◆ Instructions for the task
After dropping the pictures, give again exactly the lines of the data from its first line through the line with "开云集团「中国」Kaiyun·官方网站帮", which is included as well.

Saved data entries
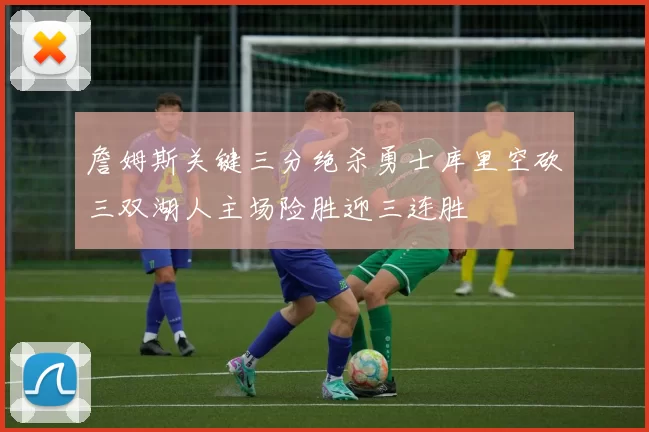 詹姆斯关键三分绝杀勇士库里空砍三双湖人主场险胜迎三连胜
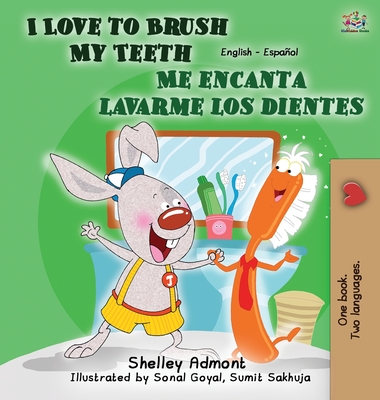 I Love to Brush My Teeth - Me encanta lavarme los dientes: English Spanish Bilingual Edition - Shelley Admont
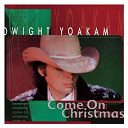 Dwight Yoakam - Come on christmas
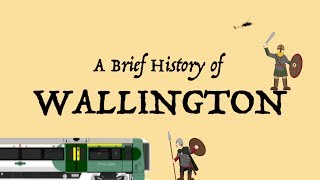 A Brief History of Wallington [upl. by Oina]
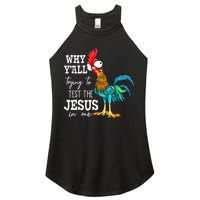 Why Y'all Trying To Test The Jesus In Me Funny Chicken Women's Perfect Tri Rocker Tank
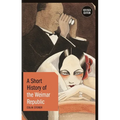 A Short History of the Weimar Republic: Revised Edition - Paperback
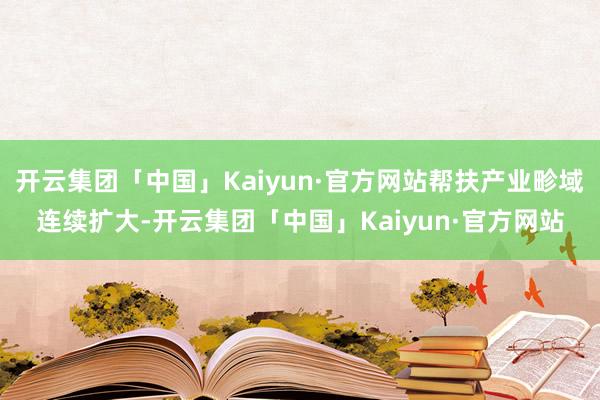 开云集团「中国」Kaiyun·官方网站帮扶产业畛域连续扩大-开云集团「中国」Kaiyun·官方网站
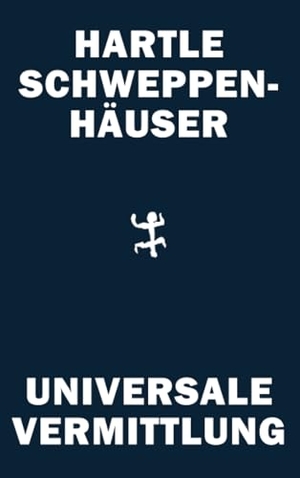 Hartle, Johan Frederik / Gerhard Schweppenhäuser. Universale Vermittlung - Zur kritischen Theorie des Medien-Kapitalismus. Matthes & Seitz Verlag, 2025.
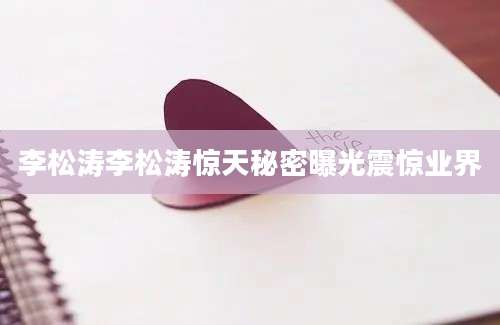 李松涛李松涛惊天秘密曝光震惊业界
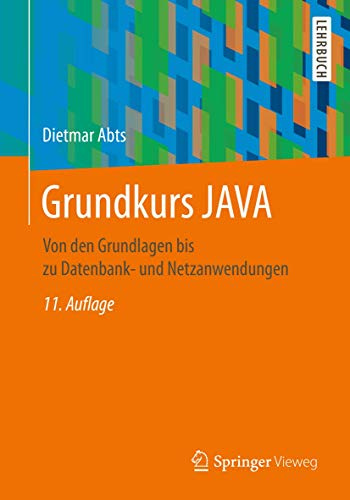 Grundkurs JAVA: Von den Grundlagen bis zu Datenbank- und Netzanwendungen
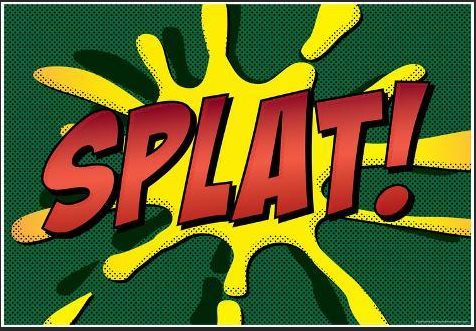 Splat!.PNG.c7f726582e4b3dba6025ccac036bf2fe.PNG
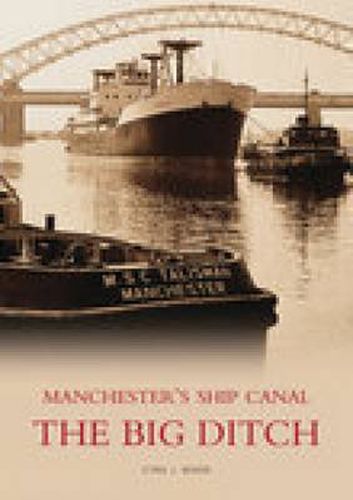 Cover image for The Big Ditch: Manchester's Ship Canal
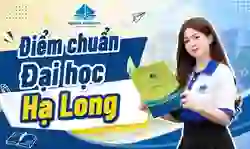 Chính thức điểm chuẩn Đại học Hạ Long 2026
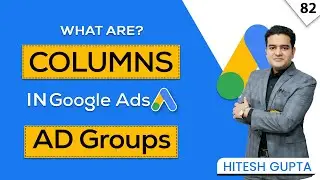 What are Columns in Google AD Groups | Types of Columns in Google AD Groups Explained | 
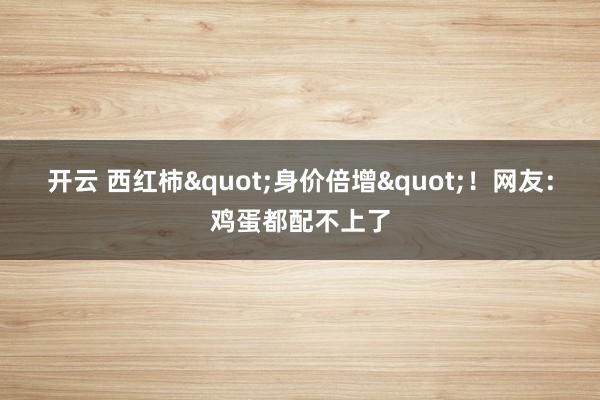 开云 西红柿"身价倍增"！网友：鸡蛋都配不上了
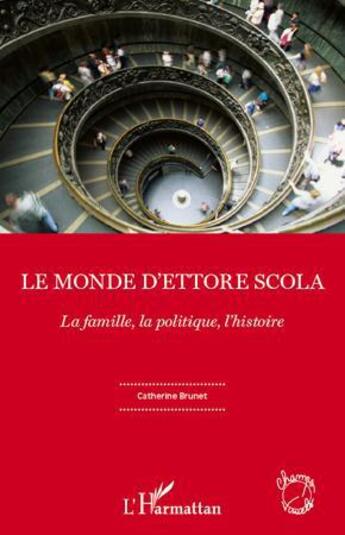 Couverture du livre « Le monde d'Ettore Scola ; la famille, la politique, l'histoire » de Catherine Brunet aux éditions L'harmattan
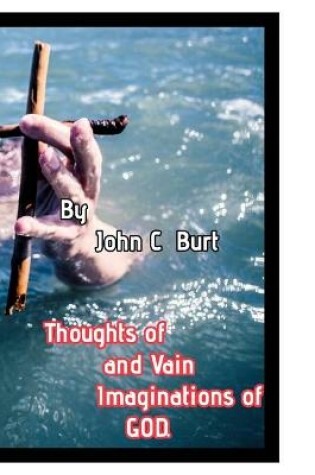 Cover of Thoughts of and Vain Imaginations of God.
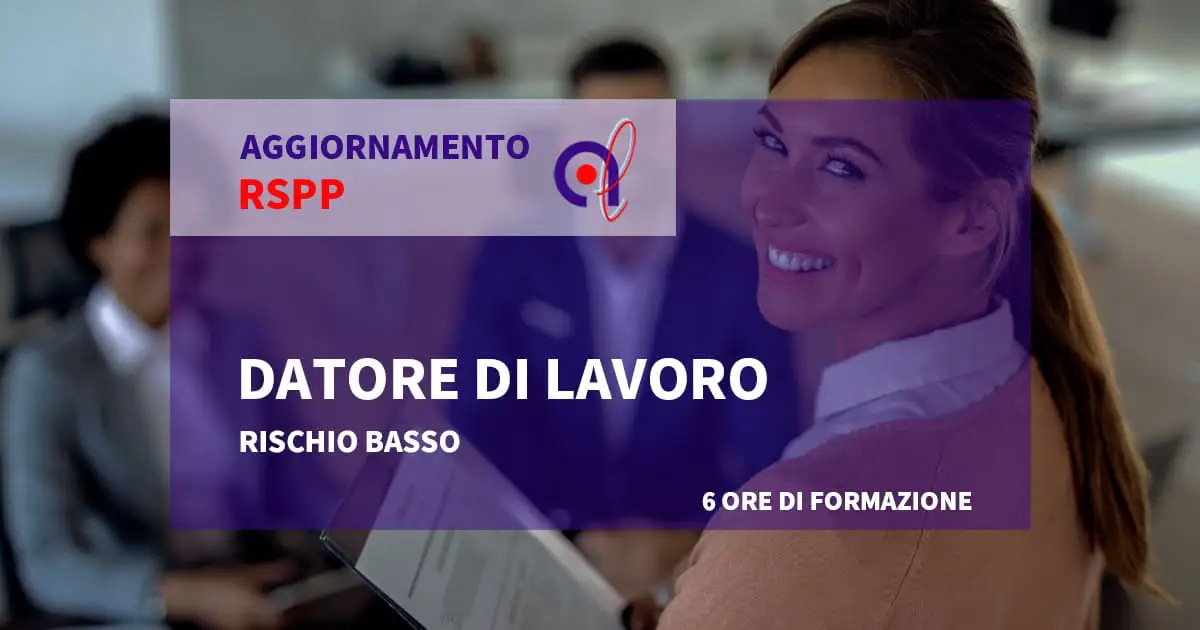 Aggiornamento RSPP Datore di Lavoro Rischio basso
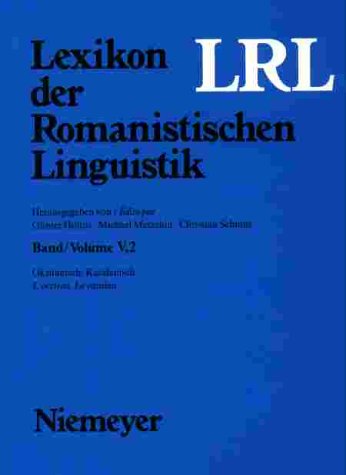 Lexikon der Romanistischen Linguistik (LRL) /Band V,2 Okzitanisch, Katalanisch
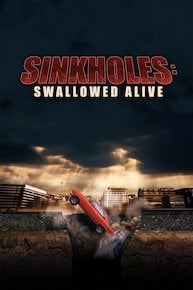 Sinkholes: Swallowed Alive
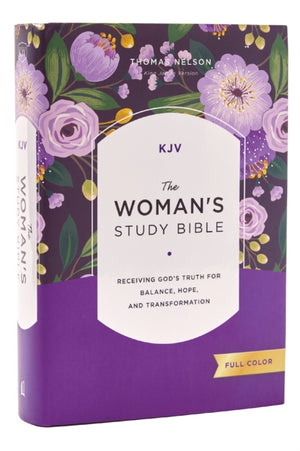 KJV, The Woman's Study Bible, Hardcover, Red Letter, Full-Color Edition, Comfort Print, Receiving God's Truth for Balance, Hope, and Transformation
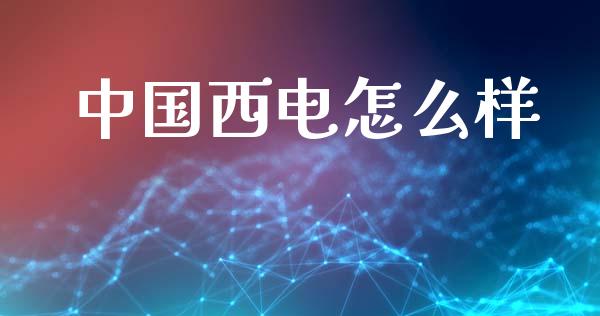 中国西电怎么样_https://www.fsyjjx.cn_股票指导_第1张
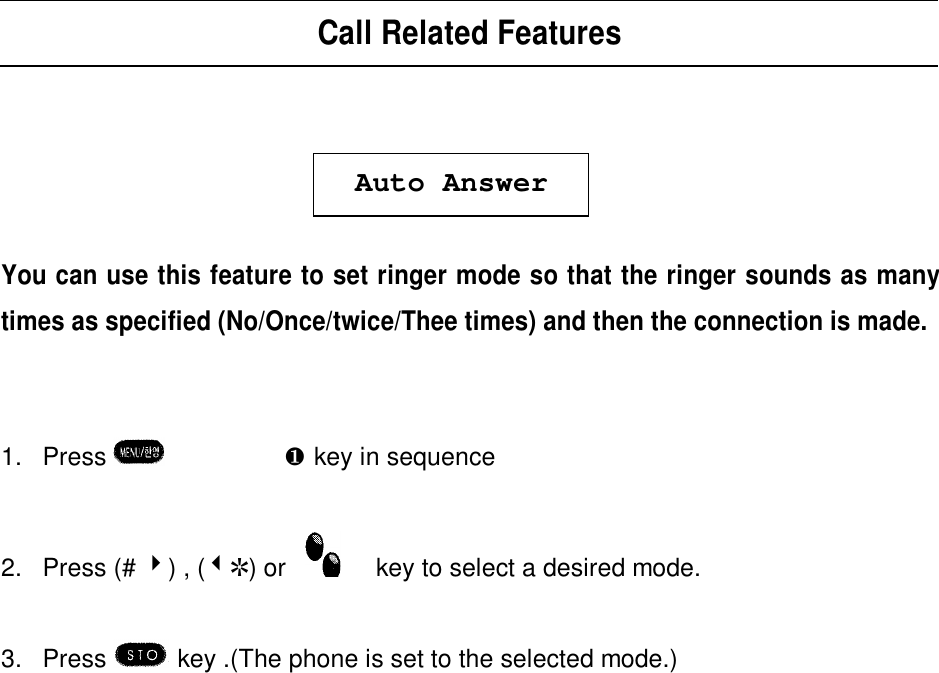 Call Related FeaturesAuto AnswerYou can use this feature to set ringer mode so that the ringer sounds as manytimes as specified (No/Once/twice/Thee times) and then the connection is made.1. Press  èºè¶key in sequence2. Press (# 4) , (3R) or key to select a desired mode.3. Press  key .(The phone is set to the selected mode.)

◆ Your solution
 詹姆斯关键三分绝杀勇士库里空砍三双湖人主场险胜迎三连胜
 I Love to Brush My Teeth - Me encanta lavarme los dientes: English Spanish Bilingual Edition - Shelley Admont
 Dwight Yoakam - Come on christmas
 A Brief History of Wallington [upl. by Oina]
 Why Y'all Trying To Test The Jesus In Me Funny Chicken Women's Perfect Tri Rocker Tank
 A Short History of the Weimar Republic: Revised Edition - Paperback
 开云集团「中国」Kaiyun·官方网站帮扶产业畛域连续扩大-开云集团「中国」Kaiyun·官方网站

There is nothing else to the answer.